All right, Hope, just a
minute. Yes, I can see you are writing some
very good poetry, but so am I. Finally I apologise to Virginia for using
her question to make my final point last week. that humour is just as
profound as a mortician's catalogue. Particularly when the voice of the
policeman is heard in the land (ha ha ha, hee hee hee). Now we can look at
what Hope has written on the blackboard.
"The stars look down behind
my back on little women in a slum,
Who slyly scan the almanac
To see the shape of things to come..."
A cute poem made of
book titles, which brings me without too much of a jerk, I hope, to H G
Wells, his lovely old millstream house at Digswell, then coming up for air
through the eczema of housing development we arrive at the semi-detached
council house where "The Trouble With Harry" was written in the hot summer
of 1947.
"You're just in time to cut the lawn, Mr Story!" cries
my old neighbour Mr Williams,
not without a certain friendly cynical humour. This is not shared by Joe,
however, who works hard cultivating what is, I suppose, still officially
my garden, on a share-cropping basis with Evelyn. "What him? He don't know what a garden looks like!"
I don't think Joe likes
me. I know you find that incredible. I find it incredible.
You can quite understand Orwell forbidding a biography. Look what's
happening to Wells in the Sunday Times at the moment. Worse if
Isabel had gone on washing his socks in Wandsworth, Bertie turning up with
birds in big cars over the next 30 years; Jane, Catherine, Wild Violet
Hunt, Forever Amber. How fruitful, them, to question friends and
neighbours for posterity?
"I don't know about his regenerated State, he never put a bloody hand to
spade or fork..."
But the sensitive writer, full of galloping appetites and thirsts,
sublimating every morsel of himself to the product, a pig made of pork
chops (as I have said elsewhere) must expect to make other pigs nervous,
an alien in his own sty. I say, that's rather unfortunate, isn't it, in
the whole context. Don't want to offend
Joe. Let's make it lambs. No, I've used lambs. I'll start again - oh shit, it's half past one. Writing for
money is a race against
time now; if you chew too fast you can come out in the red. (Meaning: hour
for hour you can eat more than you earn.)
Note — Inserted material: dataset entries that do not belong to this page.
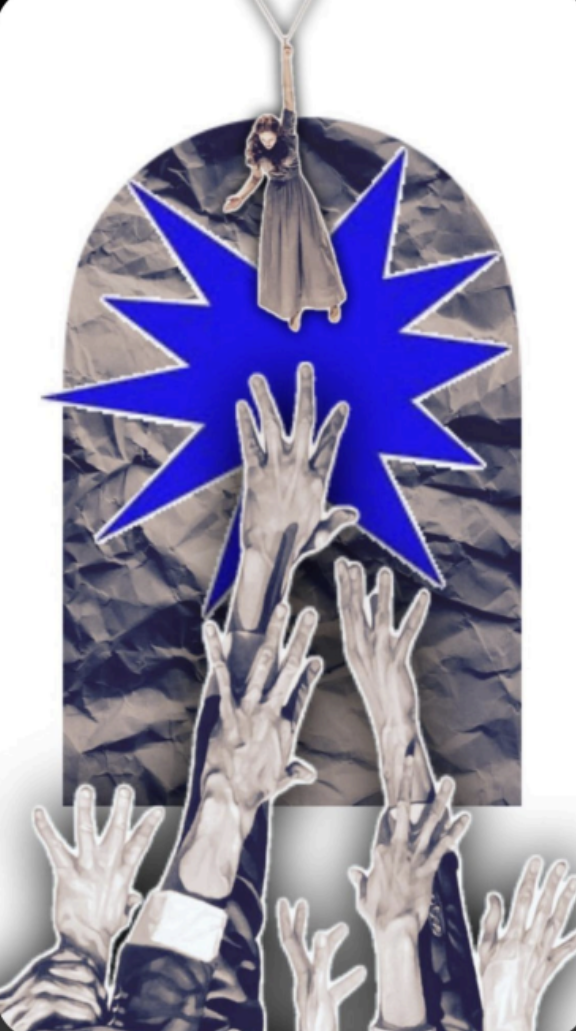 The Trouble at Sarah Lawrence: Where are all the straight people?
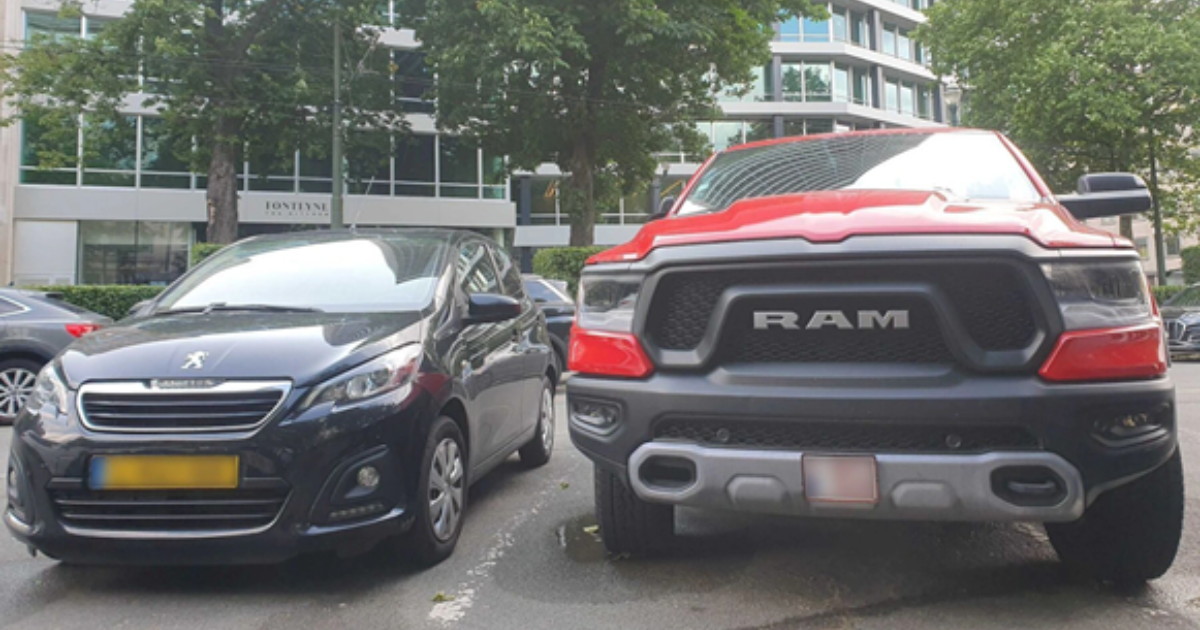EU cave in on vehicle trade rules will cost European lives as US…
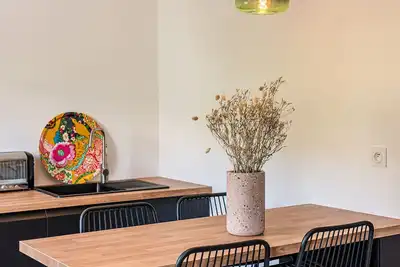 Image de Appartement Valentine - situé au cœur des Remparts d'Aigues-Mortes - 4 personnes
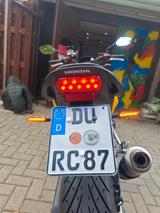Honda CB 650 F + sehr gepflegt + Mivv Komplettanlage - Offers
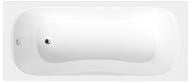 Ванна акрилова Helmken Edelva 23094004 159,5х70 см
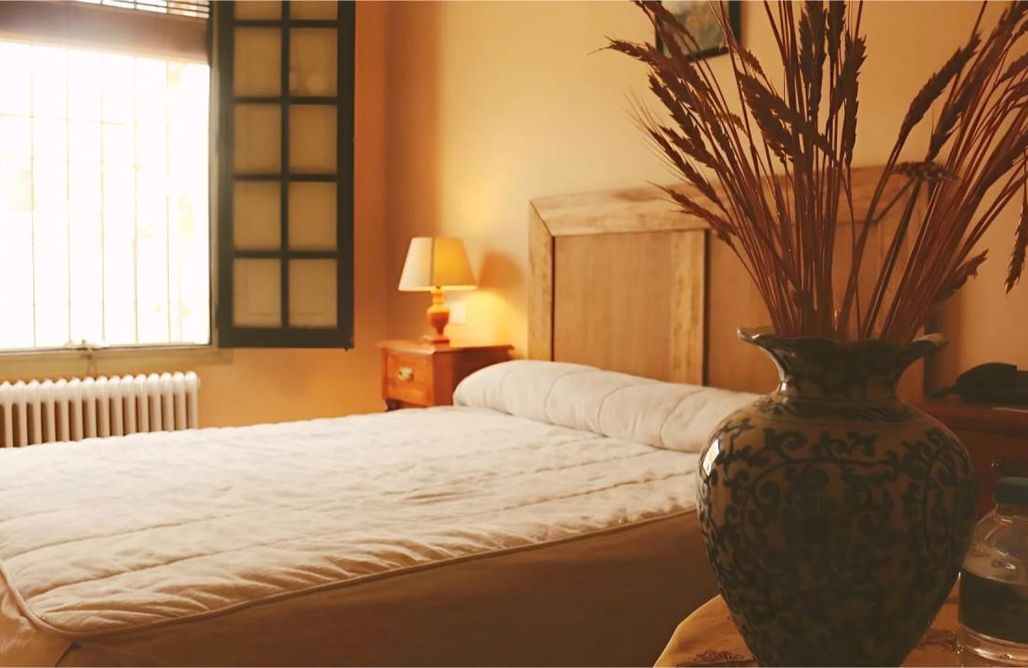 AlohaCamp Apartamento 3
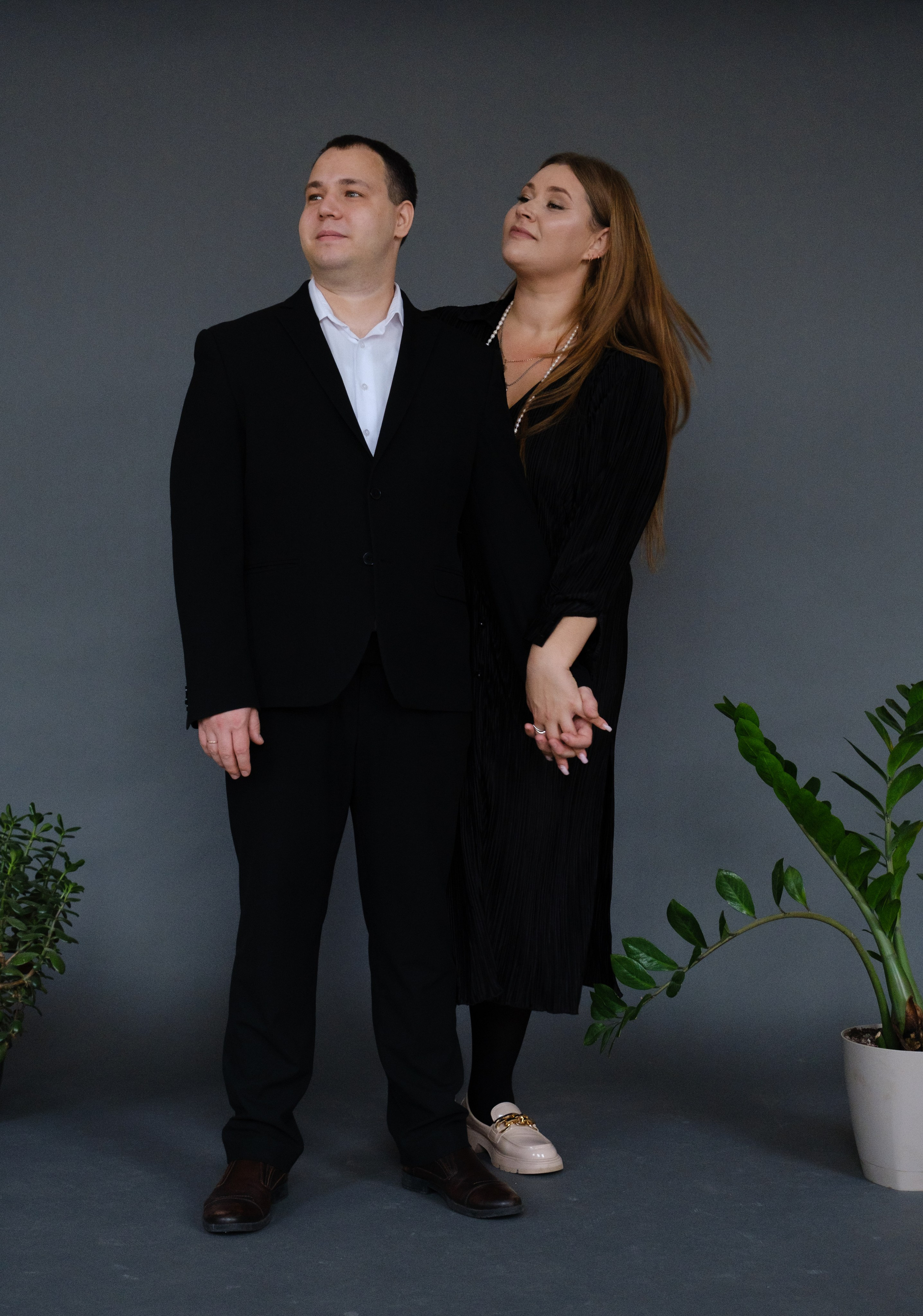 Love Story. Фотограф Мельник Ирина. Москва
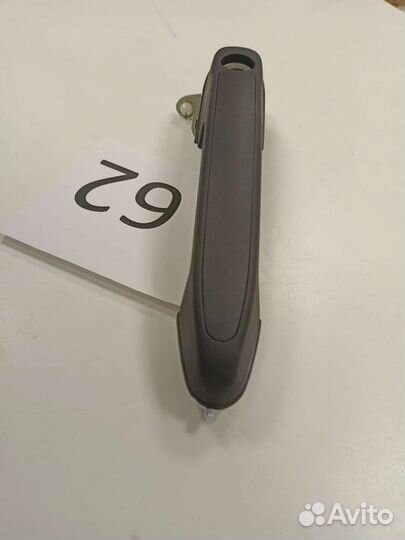 Ручка двери LADA granta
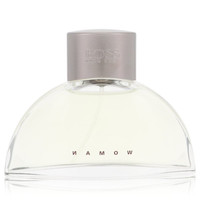 Boss by Hugo Boss Eau De Parfum Spray (unboxed) 3 oz for Women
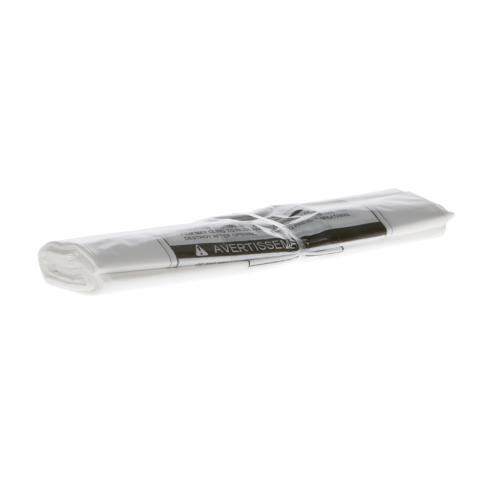 GE Compactor Bags - Box Of 15 - WC60X10005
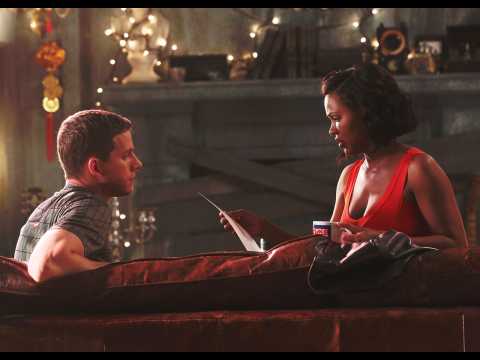 Minority Report - Teaser 1 - VO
Tell you what, it's the sensitive writer's business to understand and
sympathise with the human condition, the common lot. I always start
getting intellectual when I'm in a bit of a rush. Last week's article about group living (not to
be confused in any way at all with shared flatting) brought understandable
protest. Sexual intercourse is not easy. Having
mastered it with one person
you are not going to go through the whole thing again with somebody new if
you can help it. This is the principle cause of
monogamy and why couples hold hands.
They've got their homes and gardens, I've got 18 odd socks. Class dismissed.